After about a year I was programming in 8080 assembly language and wrote lots of little games that used the cheezy 16x64 graphics of the Polymorphic video board.

I wrote a program called EZ-80 that taught the Z80 CPU and emulated some of the instructions. My dad had a computer software business selling development software (PDS, for program development system) and he handled selling the EZ80 program for me for $25 a copy. This would have been about 1978 or so I think.

When I was 13 or 14 my dad and I wrote the Comstar North Star Basic compiler, which we sold for $400 a copy, since Microsoft was selling their basic compiler for that much.

I got into digital electronics when in 10th grade, and I first built this monster graphics board that had 256x256 resolution in 16 colors and could draw 16x16 pixel objects to the screen. It used 4116 dynamic ram chips. The board was made totally with 7400 series chips and there were hundreds of them. It also had a look up table but I think the color outputs were only digital.

Later I built a neater board using the video drams with the big shift register. It had a sprite capability where you could define a sprite as a series of dx,dy and color triplets, each 1 byte. You'd set up the location in sprite memory where you want to begin reading, and X and Y locations for the sprite, and it would get blasted to the display at around 4 million pixels per second I think. I had this neat demo where the artwork of the running man from the C64 game Impossible Mission was duplicated 100's of times. Looked pretty cool.
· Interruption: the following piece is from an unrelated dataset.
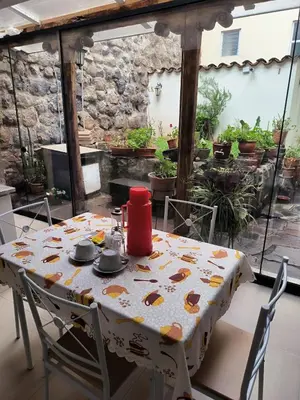 a table and chairs on a patio with a tablecloth on it at Departamento 2 Waynapata Centro Historico Cusco in Cusco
I also built a 16 voice wave table synthesizer. It used stereo 12 bit D-A converters and had 64K of sample memory (8 bit samples), yielding 256 waveform tables. The sampling rate was 250,000 HZ.

Mostly I built these things then didn't write neat software to use them. There was the problem that any thing I made wouldn't be of any use to anyone but me and my friends who messed around with the stuff. If I had gotten involved with the C64 and used their hardware, I could have made some $$$.

I graduated from Pasadena High School in 1984. I went to UC Berkeley for two years before leaving that institution in 1986 or 1987. I pretty much quit school entirely. During the summer of 1986 I worked at JPL, the Jet Propulsion Laboratory, in Pasadena, CA, in the Radiation and Effects Testing group. This was a place where they'd take standard military chips (7400 TTL, cpu's, whatever) and pry off the tops to expose the silicon, then build a test board around it to put the device through its paces, and expose the device to radiation from the cobalt-60 source. I did some PC programming for a pattern editor that, my first experience with programming the PC and I learned the C programming language on a Friday afternoon by reading the K&R book cover to cover.

I lived in an apartment in Berkeley with a friend, hanging around while my friends went to college. I had bought an Amiga in 1986 and I played around with this quite a bit. I wrote a complete game called Popman which was a clone of the coin op Lode Runner game made by Irem corp. I sold this myself through mailorder, no advertising to speak of, and sold 10 copies or so for $20 each.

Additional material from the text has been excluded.